In learning about violence in the workplace, we were told that women shouldn’t engage and that large men should. Thereby shaming them into making bad decisions? I hope not. Also, this guy is telling a story to illustrate the difference between being argumentative as a personality trait and the sort of argumentative that is a warning sign of possible violent situation escalation. He explains that his friend is a Moroccan Jew – as though that explains why she is argumentative! Stereotyping, anyone? (Though I didn’t even know about that one…) Also, he had a terrible way of disagreeing with people. I think someone, some time, told him that he came across too aggressively in correcting people. His answer is to try and sound like he’s joking, but wow – that make it sound like he’s mocking people for misunderstanding. It’s especially off-putting when he is the one who misunderstood, as happened several times.

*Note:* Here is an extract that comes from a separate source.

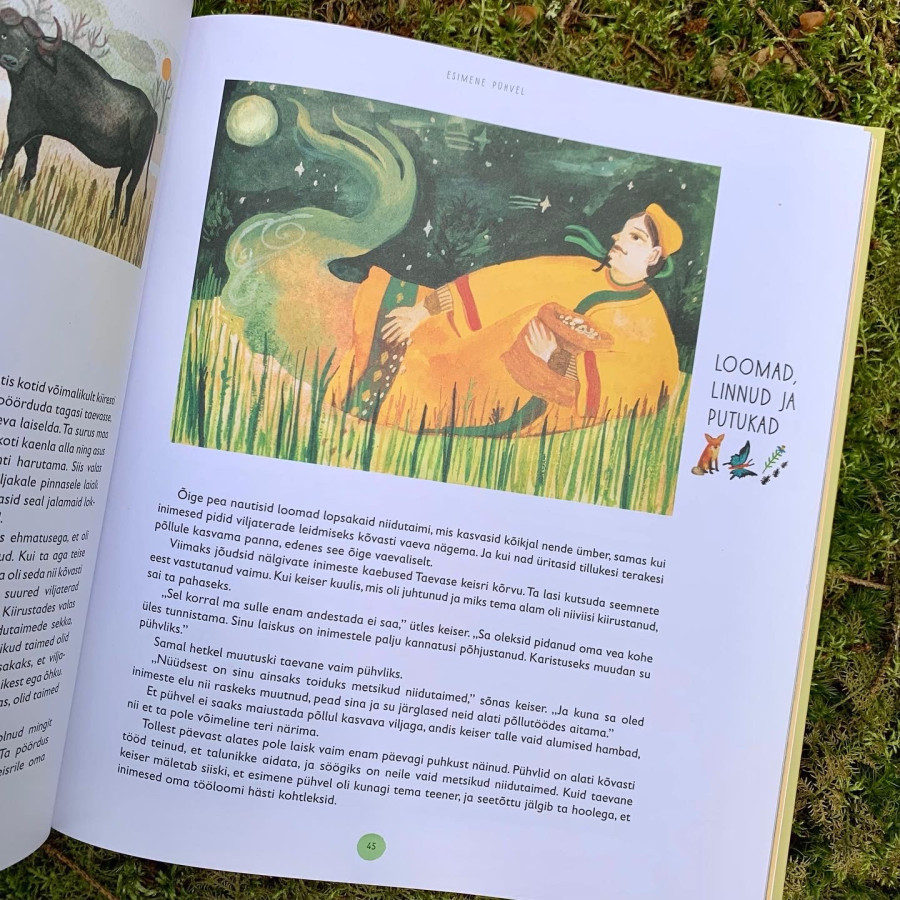 Lendav järv. 50 rahvajuttu ja legendi kogu maailmast Mänguasjad - HellyK - Kvaliteetsed lasteriided, villariided, barefoot jalatsid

Ugh. I seem to be in rant mode right now. Let me refocus again.
I’m getting along with the other team leads pretty well. I didn’t expect to find a new best friend, and I think I’m right in that, but I like and enjoy many of them. I keep hearing about how much fun we’ll be having and I’m starting to get an idea of what that means.
My assumptions involved unrelenting repetitive work, but it seems that many departments stop their workers and have them stand and shake it out periodically. There’s a camaraderie being expressed that I hadn’t expected, and a respect for and trust in the Functional Managers (who directly supervise Team Leaders like us) that gives me strong hope for the operations.
There’s also a person in charge of morale. She arranges parties, provides rewards, and gets people riled up for incentives. There’s a ton of work to do, but they talk about pizza parties and cake breaks and potlucks as though they are regular parts of the job.
It’ll be a while before I’ve experienced enough of this to report back. I’m really looking forward to the operational training – learning to do the jobs I’ll supervise, finding and demonstrating my areas of excellence. There’s a particular job that pays more than the rest, and I can’t help but hope that I am great at that one, but I respect the job assignment process.
We will learn every single task and figure out what we’re good at and enjoy. We’ll also figure out which Functional Managers have the most comfortable ways about them. The assignments will be a combination of Functional Managers requesting us and us requesting them (with them as decisionmakers of course, but what process is perfect?), and the hope is that the assessment of strengths will match.
I’ll put my first guesses here and compare later:
I think I’ll like Sorter and Edits. I think I’ll be good at Check-in, Sorter, Imaging, Key from Image, and Edits. I think I’ll do worst at Transcription (I cramp up with large amounts of hand-writing) and Document Prep. Okay, maybe I won’t do poorly at Doc Prep, but it’s the one area that sounds like a drag to me.